▶ _Problem description_
Within the entries below, how many lines carry the word "photo"? State the number and stop.

▶ _Supplied information_
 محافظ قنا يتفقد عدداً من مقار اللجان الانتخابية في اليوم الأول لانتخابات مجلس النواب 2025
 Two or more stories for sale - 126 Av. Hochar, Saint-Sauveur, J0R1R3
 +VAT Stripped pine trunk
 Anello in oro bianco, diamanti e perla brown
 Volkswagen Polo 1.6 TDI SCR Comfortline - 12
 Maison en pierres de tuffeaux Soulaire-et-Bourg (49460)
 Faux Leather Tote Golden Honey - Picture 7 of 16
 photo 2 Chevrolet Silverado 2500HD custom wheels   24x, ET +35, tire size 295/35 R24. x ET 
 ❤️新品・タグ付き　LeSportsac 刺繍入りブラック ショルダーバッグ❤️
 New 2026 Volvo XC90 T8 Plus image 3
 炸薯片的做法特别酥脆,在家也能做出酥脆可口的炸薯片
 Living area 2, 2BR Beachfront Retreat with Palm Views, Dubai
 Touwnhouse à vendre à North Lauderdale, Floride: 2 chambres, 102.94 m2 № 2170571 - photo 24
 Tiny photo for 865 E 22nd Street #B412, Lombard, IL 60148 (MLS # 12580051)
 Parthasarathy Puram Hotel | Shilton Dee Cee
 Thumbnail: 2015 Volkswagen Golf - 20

▶ _Task output_
3